A double wall-eyed ogre downgraded to Category-4 on making landfall, Katrina is feared to have ravaged oil and gas platforms as it slammed the US Gulf coast, apart from destroying life and property in the southeast of the country.
Katrina has had worthy predecessors blasting into the Bay of Bengal coast in 1999 and 1990, says Dr Akhilesh Gupta of the National Centre for Medium Range Weather Forecasting. Both the Machilipatnam cyclone of 1990 and the Orissa Super Cyclone of 1999 have been double wall-eyed systems, a rare feature that wrought untold havoc along the southeast coast of India.
The eye wall is the inner most ring of convection near the centre of a hurricane/typhoon, containing the most intense winds and the fiercest rain. While most systems have a single eye wall, many strong and mature hurricanes/typhoons develop the double eye-walled structure (up to 50 per cent of hurricanes in the US). According to Dr Gupta, Katrina has also been noted for the `stadium effect' that her super-defined and destructive `eye' displayed.

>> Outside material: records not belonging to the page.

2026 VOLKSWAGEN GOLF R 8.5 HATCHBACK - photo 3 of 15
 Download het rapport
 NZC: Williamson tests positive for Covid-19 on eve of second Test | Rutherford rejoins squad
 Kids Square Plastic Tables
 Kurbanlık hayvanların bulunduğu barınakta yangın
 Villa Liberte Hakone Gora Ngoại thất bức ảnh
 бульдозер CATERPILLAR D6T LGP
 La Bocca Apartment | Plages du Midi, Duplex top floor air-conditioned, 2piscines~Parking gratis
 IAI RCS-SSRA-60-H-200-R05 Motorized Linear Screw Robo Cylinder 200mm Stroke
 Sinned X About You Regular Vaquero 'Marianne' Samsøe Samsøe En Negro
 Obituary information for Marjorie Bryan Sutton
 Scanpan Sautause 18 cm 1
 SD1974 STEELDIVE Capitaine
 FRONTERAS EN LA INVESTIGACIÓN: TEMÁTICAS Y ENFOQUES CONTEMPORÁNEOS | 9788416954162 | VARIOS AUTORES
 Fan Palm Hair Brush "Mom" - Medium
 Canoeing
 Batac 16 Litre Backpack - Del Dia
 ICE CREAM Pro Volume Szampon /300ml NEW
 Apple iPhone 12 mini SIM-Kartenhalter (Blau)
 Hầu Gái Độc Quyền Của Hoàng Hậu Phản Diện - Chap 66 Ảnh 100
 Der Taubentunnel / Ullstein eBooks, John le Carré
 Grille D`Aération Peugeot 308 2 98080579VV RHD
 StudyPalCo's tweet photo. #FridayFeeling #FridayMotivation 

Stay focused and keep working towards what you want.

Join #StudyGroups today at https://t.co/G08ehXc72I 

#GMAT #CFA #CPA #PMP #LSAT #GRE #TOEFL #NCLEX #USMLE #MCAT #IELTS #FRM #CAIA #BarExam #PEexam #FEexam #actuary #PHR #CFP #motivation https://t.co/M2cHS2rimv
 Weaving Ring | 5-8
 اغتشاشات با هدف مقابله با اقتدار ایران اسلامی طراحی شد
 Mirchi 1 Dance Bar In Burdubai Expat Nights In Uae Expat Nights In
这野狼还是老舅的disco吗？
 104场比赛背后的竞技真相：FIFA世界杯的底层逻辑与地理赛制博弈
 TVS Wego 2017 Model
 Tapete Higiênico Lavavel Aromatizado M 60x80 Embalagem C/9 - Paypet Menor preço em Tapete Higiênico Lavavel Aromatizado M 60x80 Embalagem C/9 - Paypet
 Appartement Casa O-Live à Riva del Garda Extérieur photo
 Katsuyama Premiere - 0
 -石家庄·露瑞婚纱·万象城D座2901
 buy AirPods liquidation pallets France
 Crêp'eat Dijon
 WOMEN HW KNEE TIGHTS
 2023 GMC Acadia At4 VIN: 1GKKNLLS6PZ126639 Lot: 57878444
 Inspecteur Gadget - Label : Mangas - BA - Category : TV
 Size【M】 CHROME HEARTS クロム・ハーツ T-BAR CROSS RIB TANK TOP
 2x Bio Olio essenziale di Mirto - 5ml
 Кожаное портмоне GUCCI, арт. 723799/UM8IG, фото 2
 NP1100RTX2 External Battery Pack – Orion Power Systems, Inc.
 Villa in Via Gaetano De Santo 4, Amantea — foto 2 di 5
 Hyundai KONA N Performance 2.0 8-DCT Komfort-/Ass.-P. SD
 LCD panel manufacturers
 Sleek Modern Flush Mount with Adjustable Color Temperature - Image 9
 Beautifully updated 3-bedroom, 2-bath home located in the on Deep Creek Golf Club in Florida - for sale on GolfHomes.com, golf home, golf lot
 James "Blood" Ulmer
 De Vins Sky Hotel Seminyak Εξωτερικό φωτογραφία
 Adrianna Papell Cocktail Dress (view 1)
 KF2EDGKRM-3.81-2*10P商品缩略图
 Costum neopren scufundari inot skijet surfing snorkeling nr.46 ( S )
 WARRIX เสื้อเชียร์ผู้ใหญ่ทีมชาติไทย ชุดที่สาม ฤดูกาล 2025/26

Dr Gupta is a member of the Tropical Storms Group, an international network of researchers monitoring tropical cyclonic formations around the globe. He is the only Indian climate scientist from the operational side to be in the network, whose server is hosted at the Colorado University in the US.
The 1990 cyclone crossed the Andhra Coast near Machilipatnam in the late evening of May 9. The 1999 Indian `Super Cyclone' developed in the Bay of Bengal in October that year and became the strongest and deadliest cyclone in the region since the Bangladesh cyclone of April 1991.
The North Indian Ocean is the only area in the world where tropical cyclones are not given names. However, the Joint Typhoon Warning Centre in Hawaii gives identifiers to all tropical cyclones and the Super Cyclone was designated as `05B'.
The previous strongest cyclone in this region was in April 1991. This cyclone struck Bangladesh with estimated winds of 160 mph and a central pressure of only 898 mb. Some 1.38 lakh lives were lost.
But this can hardly hold a candle to the 1970 cyclone, the most devastating ever to hit the region. The target was Bangladesh again. At least three lakh people are believed to have perished in the catastrophe.
Bangladesh has some of the most extensive and thickly populated areas that lie perilously below the sea level and is the favourite playground for deadly weather systems.
The 1999 cyclone ranks as one of the strongest recorded in this region, but as is often the case, it was the heavy rainfall, storm surge and the associated flooding rather than the wind strength that caused most of the devastation and deaths.